NMF is a technique that can decompose a mixed audio signal into its component sources by learning the spectral characteristics (or "fingerprints") of each source.
In this tutorial, we:
- Import two built-in audio files (
trumpet.wavanddrums.wav) - Analyze their spectral content to create "basis" representations
- Mix the buffers together
- Use NMF to separate the mixed signal back into individual components
- Visualize the results: the separated components, learned bases, and activation patterns
- Use NMF results for auto-panning, transcribing each NMF component with a unique panning position value.

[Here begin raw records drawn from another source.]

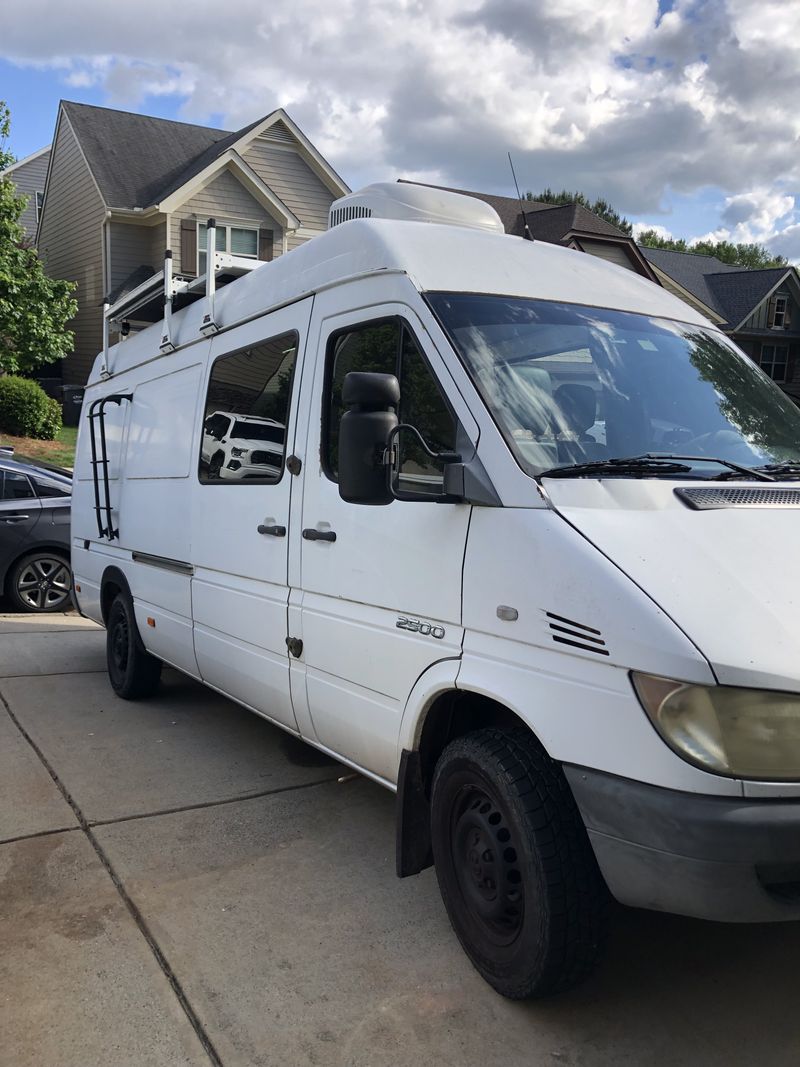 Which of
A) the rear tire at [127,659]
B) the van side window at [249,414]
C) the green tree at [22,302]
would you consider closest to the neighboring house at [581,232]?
the green tree at [22,302]

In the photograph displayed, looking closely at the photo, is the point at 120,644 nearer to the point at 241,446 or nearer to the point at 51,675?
the point at 51,675

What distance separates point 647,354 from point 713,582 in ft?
4.62

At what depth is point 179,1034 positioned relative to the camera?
285 centimetres

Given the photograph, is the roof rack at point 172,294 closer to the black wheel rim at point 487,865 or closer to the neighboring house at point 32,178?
the black wheel rim at point 487,865

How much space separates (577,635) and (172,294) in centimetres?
411

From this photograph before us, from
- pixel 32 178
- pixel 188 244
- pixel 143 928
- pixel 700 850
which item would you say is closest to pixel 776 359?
pixel 188 244

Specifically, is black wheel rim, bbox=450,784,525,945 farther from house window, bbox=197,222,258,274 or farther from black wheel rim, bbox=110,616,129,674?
house window, bbox=197,222,258,274

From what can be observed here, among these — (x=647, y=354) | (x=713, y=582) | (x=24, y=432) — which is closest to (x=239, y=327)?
(x=647, y=354)

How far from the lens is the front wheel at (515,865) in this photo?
270 cm

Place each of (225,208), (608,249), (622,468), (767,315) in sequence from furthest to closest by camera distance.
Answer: (767,315) < (608,249) < (225,208) < (622,468)

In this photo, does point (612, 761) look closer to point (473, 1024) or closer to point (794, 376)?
point (473, 1024)

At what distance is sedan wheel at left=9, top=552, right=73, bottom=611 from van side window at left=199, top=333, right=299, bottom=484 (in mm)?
5303

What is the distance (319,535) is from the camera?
3.84 m

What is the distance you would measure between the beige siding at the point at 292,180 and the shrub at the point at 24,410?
27.9 ft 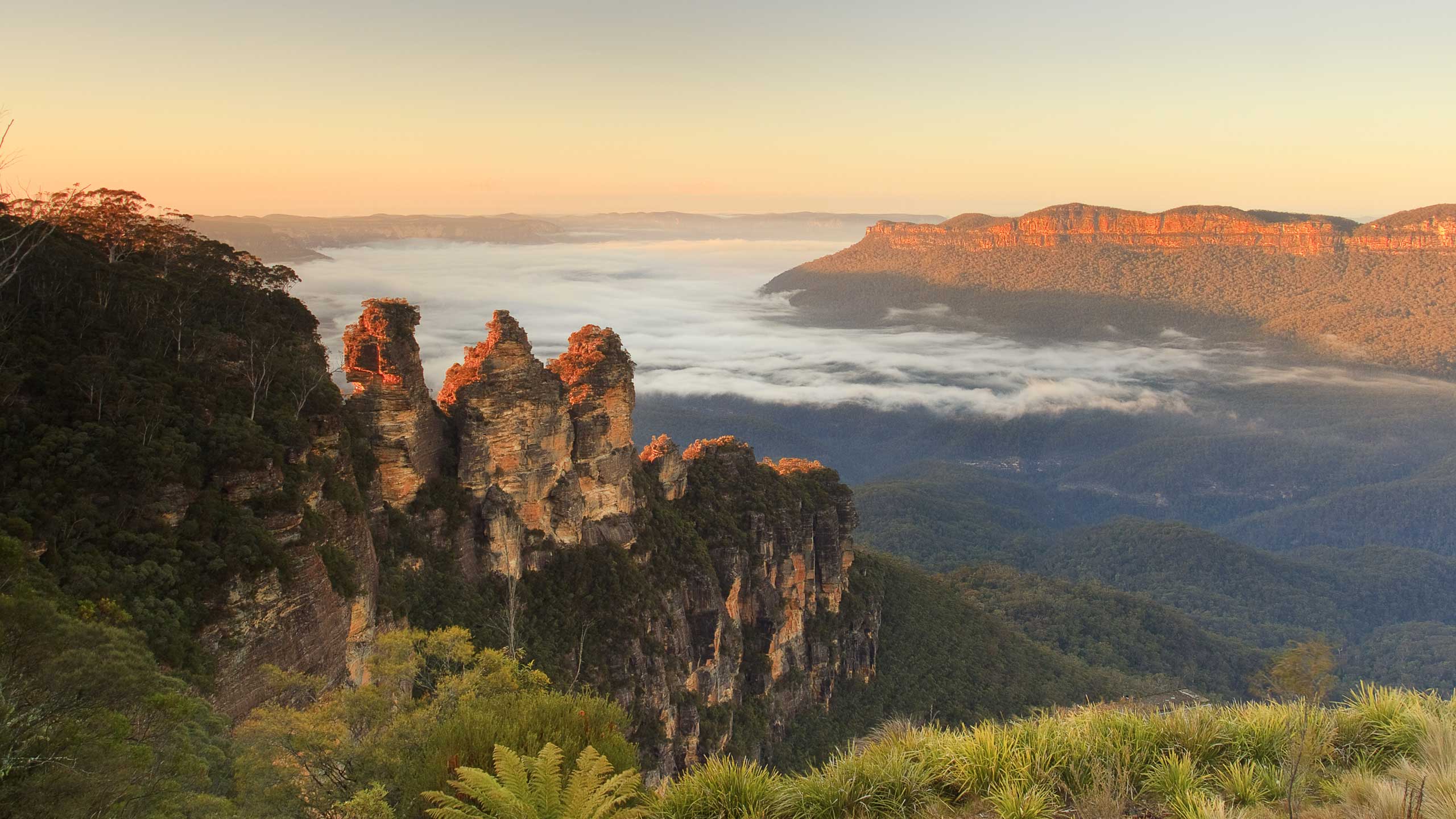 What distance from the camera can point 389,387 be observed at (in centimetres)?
3891

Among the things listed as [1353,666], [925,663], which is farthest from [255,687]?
[1353,666]

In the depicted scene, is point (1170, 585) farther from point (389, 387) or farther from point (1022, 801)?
point (1022, 801)

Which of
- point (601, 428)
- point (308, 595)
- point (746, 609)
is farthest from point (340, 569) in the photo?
point (746, 609)

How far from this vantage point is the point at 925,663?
7669 cm

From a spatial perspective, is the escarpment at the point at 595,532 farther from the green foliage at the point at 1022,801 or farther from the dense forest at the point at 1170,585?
the dense forest at the point at 1170,585

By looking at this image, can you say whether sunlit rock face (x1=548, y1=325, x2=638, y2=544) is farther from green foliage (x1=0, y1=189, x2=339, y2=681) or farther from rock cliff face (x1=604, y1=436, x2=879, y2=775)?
green foliage (x1=0, y1=189, x2=339, y2=681)

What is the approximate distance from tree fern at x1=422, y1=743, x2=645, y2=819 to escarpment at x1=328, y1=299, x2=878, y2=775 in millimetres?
17256

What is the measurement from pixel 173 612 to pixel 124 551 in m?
2.06

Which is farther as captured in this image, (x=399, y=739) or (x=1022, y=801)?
(x=399, y=739)

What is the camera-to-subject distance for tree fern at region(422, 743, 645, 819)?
37.4ft

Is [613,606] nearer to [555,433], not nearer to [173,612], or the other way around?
[555,433]

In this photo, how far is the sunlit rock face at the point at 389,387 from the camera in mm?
38844

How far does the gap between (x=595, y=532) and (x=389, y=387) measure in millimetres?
16869

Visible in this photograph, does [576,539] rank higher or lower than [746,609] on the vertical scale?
higher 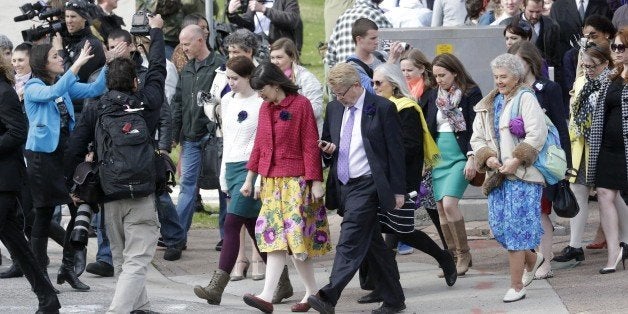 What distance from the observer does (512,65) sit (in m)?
9.60

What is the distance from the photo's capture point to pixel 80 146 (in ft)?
31.0

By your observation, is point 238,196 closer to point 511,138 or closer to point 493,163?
point 493,163

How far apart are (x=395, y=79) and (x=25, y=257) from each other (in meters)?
2.96

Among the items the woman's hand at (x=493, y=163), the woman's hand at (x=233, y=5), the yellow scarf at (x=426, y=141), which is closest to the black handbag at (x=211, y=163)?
the yellow scarf at (x=426, y=141)

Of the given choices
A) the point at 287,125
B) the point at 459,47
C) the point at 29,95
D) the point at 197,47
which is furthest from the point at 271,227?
the point at 459,47

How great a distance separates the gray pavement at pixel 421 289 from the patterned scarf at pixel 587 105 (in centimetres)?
111

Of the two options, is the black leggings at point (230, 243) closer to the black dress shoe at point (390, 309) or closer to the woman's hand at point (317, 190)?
the woman's hand at point (317, 190)

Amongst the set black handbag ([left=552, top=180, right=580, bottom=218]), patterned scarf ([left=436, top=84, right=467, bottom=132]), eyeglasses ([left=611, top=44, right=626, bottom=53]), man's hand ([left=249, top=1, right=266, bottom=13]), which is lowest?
black handbag ([left=552, top=180, right=580, bottom=218])

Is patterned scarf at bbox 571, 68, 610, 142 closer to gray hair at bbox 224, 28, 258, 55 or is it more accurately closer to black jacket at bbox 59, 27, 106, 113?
gray hair at bbox 224, 28, 258, 55

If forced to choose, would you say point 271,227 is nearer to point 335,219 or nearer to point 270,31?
point 335,219

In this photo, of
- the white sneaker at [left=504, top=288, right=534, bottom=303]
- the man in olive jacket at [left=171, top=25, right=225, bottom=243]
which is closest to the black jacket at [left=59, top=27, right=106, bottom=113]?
the man in olive jacket at [left=171, top=25, right=225, bottom=243]

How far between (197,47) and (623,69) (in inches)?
146

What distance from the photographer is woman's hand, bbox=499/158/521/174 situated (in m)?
9.49

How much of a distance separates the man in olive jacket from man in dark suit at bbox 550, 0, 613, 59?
3.75 m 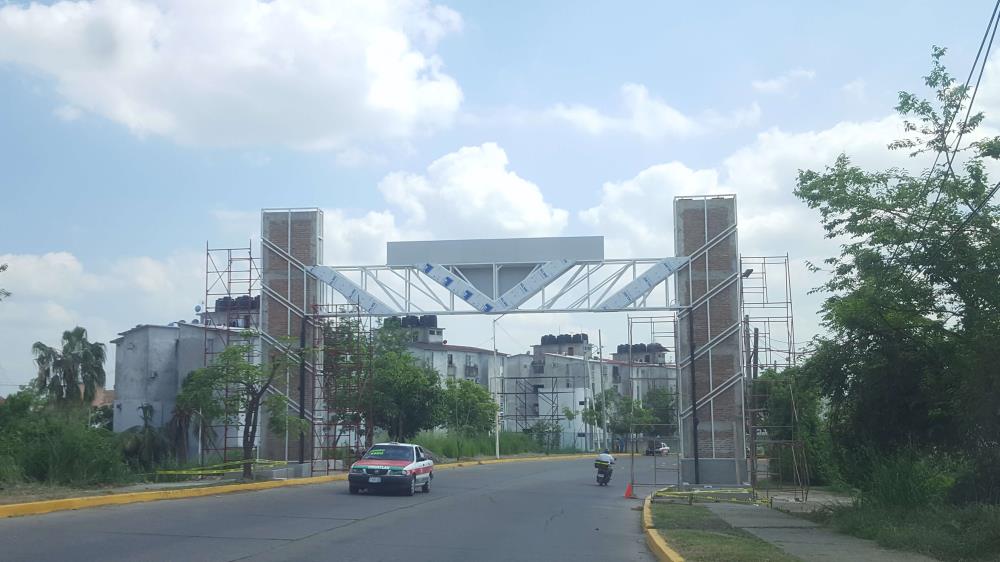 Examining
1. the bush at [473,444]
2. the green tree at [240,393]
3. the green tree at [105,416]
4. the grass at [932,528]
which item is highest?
the green tree at [240,393]

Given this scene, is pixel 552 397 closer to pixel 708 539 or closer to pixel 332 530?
pixel 332 530

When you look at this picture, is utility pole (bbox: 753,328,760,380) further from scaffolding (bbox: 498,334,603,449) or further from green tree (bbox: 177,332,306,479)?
scaffolding (bbox: 498,334,603,449)

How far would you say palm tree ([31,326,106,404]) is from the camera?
163 feet

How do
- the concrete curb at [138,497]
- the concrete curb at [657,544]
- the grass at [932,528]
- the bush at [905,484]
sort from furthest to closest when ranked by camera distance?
1. the bush at [905,484]
2. the concrete curb at [138,497]
3. the concrete curb at [657,544]
4. the grass at [932,528]

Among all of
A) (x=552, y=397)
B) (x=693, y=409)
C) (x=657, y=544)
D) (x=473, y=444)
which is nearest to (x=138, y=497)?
(x=657, y=544)

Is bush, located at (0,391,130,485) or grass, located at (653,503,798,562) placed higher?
bush, located at (0,391,130,485)

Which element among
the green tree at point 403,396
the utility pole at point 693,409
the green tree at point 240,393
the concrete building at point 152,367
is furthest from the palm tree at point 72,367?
the utility pole at point 693,409

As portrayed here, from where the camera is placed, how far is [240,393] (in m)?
30.0

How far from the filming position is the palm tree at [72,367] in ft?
163

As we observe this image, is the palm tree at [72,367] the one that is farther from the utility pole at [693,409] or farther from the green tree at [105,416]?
the utility pole at [693,409]

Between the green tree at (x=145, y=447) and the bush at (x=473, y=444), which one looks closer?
the green tree at (x=145, y=447)

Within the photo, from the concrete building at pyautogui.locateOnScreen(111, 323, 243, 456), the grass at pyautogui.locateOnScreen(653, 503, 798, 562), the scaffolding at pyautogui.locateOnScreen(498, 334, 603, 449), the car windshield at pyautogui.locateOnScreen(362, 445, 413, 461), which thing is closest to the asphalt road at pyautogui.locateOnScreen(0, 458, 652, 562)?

audio_source_separation.bell
## set seed for reproducibility
setseed(1);
## import our source audio files
$files = 'trumpet.wav' 'drums.wav';
## load each file as a buffer
$bufs = for $f in $files collect importaudio($f);
## create spectral basis representations for each source
$bases = for $b $i in $bufs collect (
## normalize each buffer to -18 dB RMS for consistent levels
$b = process($b, normalize(@level -18 @rms 1));
## update buffer with spectral analysis
$b = analyze($b, spectrum());
## extract the computed spectrum
$spectrum = getkey($b, 'spectrum');
## convert the spectrum data into a buffer format for NMF
$basis = samps2buf([$spectrum]);
$basis
);
## create a mixed version of both sources
$mixed = process(
## take the first buffer (trumpet) and mix in the second (drums)
@buffer $bufs:1 @operations mix($bufs:2)
);
## perform Non-Negative Matrix Factorization on the mixed signal
## using the spectral bases we computed earlier as initialization
$nmf = buf2nmf(
@buffer $mixed
@bases $bases
@iterations 100
@useseed 1
);
## extract the three key results from NMF:
## components: the separated audio sources
$components = getkey($nmf, 'components');
## bases: the learned spectral patterns for each source
$bases = getkey($nmf, 'bases');
## activations: when and how strongly each source is present over time
$activations = getkey($nmf, 'activations');
## visualize all three types of results
for $buffers in [$components] [$bases] [$activations], $label in 'component' 'basis' 'activation' with @unwrap 1 do (
## iterate through each buffer and display it with an appropriate label
for $buffer $i in $buffers do view(
$buffer @label $label + ' ' + tosymbol($i)
)
);
## transcribe components, each with a unique panning position
$panvals = arithmser(0, 1, null, length($components));
for $buffer in $components, $pan in $panvals do (
transcribe(@buffer $buffer @pan $pan)
);
## trigger rendering
render(@play 1)